Os anfíbios são os animais que vulgarmente chamamos de sapos, rãs, pererecas, carrascos, salamandras, tritões e cobras-cegas ou cecílias. Todos estes fazem parte da Classe Amphibia, que é dividida em três Ordens. À ordem Anura pertencem os sapos, as rãs, as pererecas e os carrascos. Fazem parte dessa ordem os anfíbios sem cauda, com pernas traseiras alongadas, normalmente modificadas para locomoção por saltos. Na classe Caudata, encontram-se as salamandras e os tritões, que são anfíbios com quatro membros e com cauda longa. Na classe das cobras-cegas ou cecílias, chamada de Gymnophiona, estão os anfíbios sem membros, com o corpo alongado de formato vermiforme e com grande número de anéis corporais.

Todos os anfíbios são animais ectotérmicos, ou seja, usam as características do meio onde vivem para regular sua temperatura. Os integrantes da Classe Amphibia surgiram no planeta Terra há cerca de 400 milhões de anos e são os vertebrados terrestres com o maior número de estratégias de sobrevivência e reprodução. Tornaram-se os primeiros vertebrados a habitarem o ambiente terrestre, desenvolvendo uma série de modificações morfológicas e comportamentais que permitiram a ocupação do novo ambiente. Respirar o ar atmosférico, proteger-se da desidratação e adquirir uma forma de locomoção terrestre foram as novas adaptações adquiridas.
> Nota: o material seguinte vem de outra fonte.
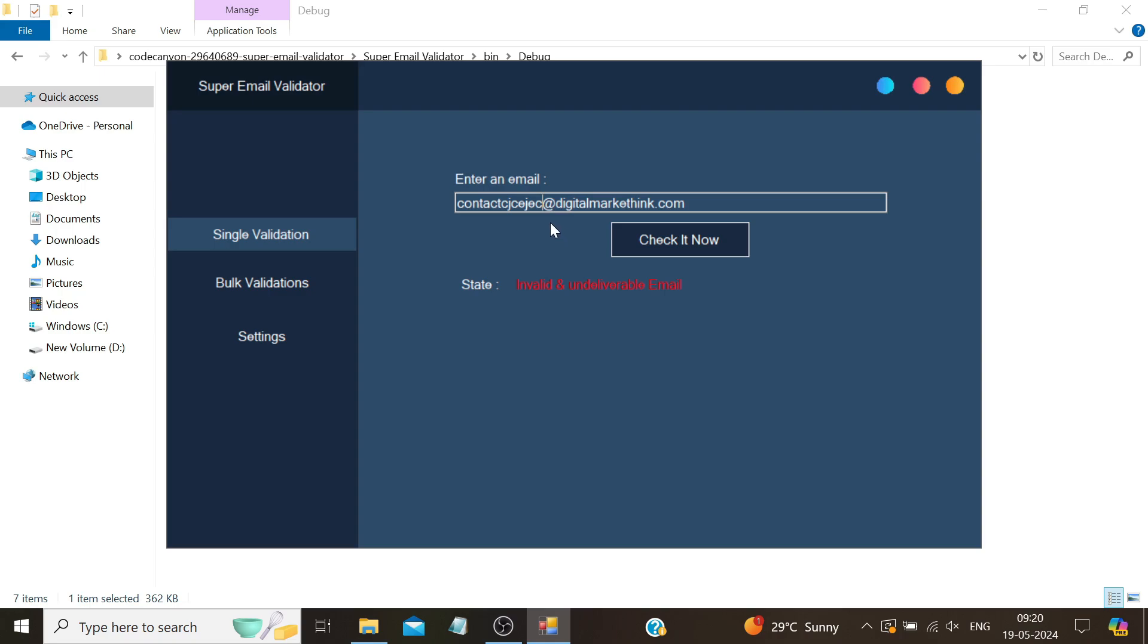But the software also checked the username. It has recognized 'contact' as a valid email but identified the random string we added as invalid, indicating no such email exists. That covers single validations.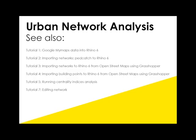Here are some of the other tutorials I have on urban network analysis, and still to come is looking at how you can actually edit the network in Rhino.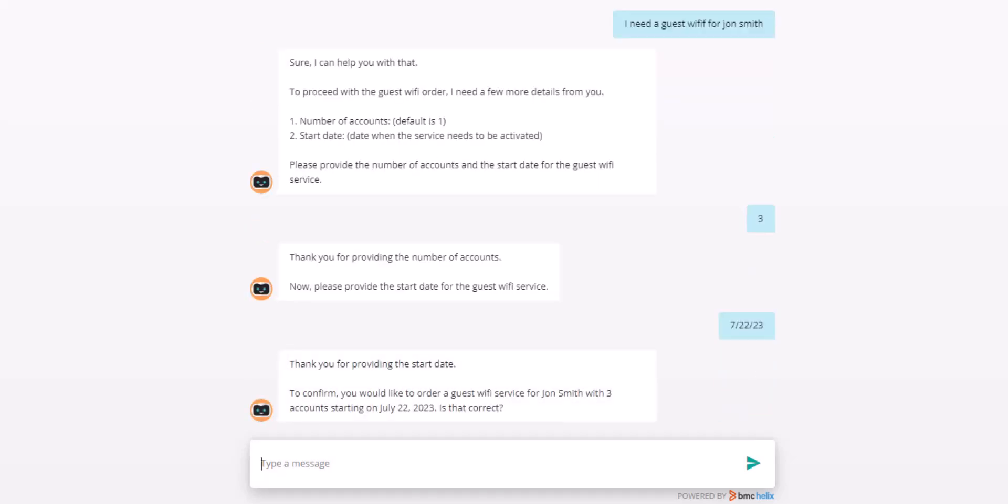Instead of confirming, I conversationally ask for a total of five accounts. The bot is able to pick up on my request and asks me to confirm changing from three accounts to five.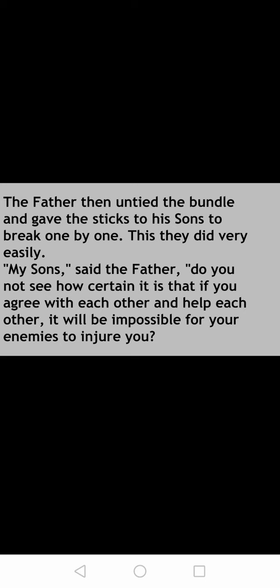The father then untied the bundle and gave the sticks to his sons to break one by one. This they did very easily. The father gave them single sticks and asked them to break, and thus they were easily able to break it. So the father said, 'My sons, do you not see how certain it is that if you agree with each other and help each other, it will be impossible for your enemies to injure you. But if you are divided among yourself, you will be no stronger than a single stick in that bundle.'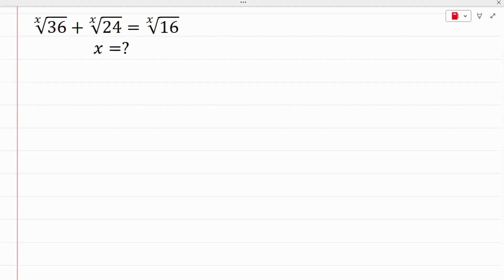Hello everyone and welcome back to Mathematical Mindset. Right here we have this ninth math only paired radical problem, and we have to solve for x in this question.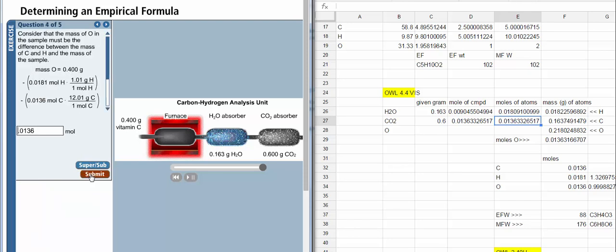And here we determine the amount of oxygen. What we do in this step is we figure out the actual mass of hydrogen and the mass of carbon atoms by multiplying the moles times the molar mass. So this calculation here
Uma das características mais marcantes desses vertebrados é a de possuírem duas fases de vida muito distintas: uma fase aquática, que conhecemos como girino, e a outra terrestre, quando são adultos. Outro aspecto que se destaca nos anfíbios é a sua pele permeável e sensível. Além de auxiliá-los na respiração, a pele é uma eficiente barreira contra diversas doenças e predadores, contendo um verdadeiro arsenal químico com a função de protegê-los.

Esses animais são bastante suscetíveis a alterações no meio ambiente devido à pele e ao seu hábitat. Por ter o ciclo de vida intimamente relacionado à água, a maioria vive próxima a banhados, riachos, açudes, poças d’água, florestas e ambientes úmidos. Como raras exceções, algumas espécies habitam desertos e regiões extremamente frias.

Fonte: COLOMBO, P.; ZANK, C. 2008. p. 104-111. In: BOND-BUCKUP, G. (Org.) Biodiversidade dos Campos de Cima da Serra. 1. ed.Porto Alegre: Libretos, 2008. v. 1. 196 p.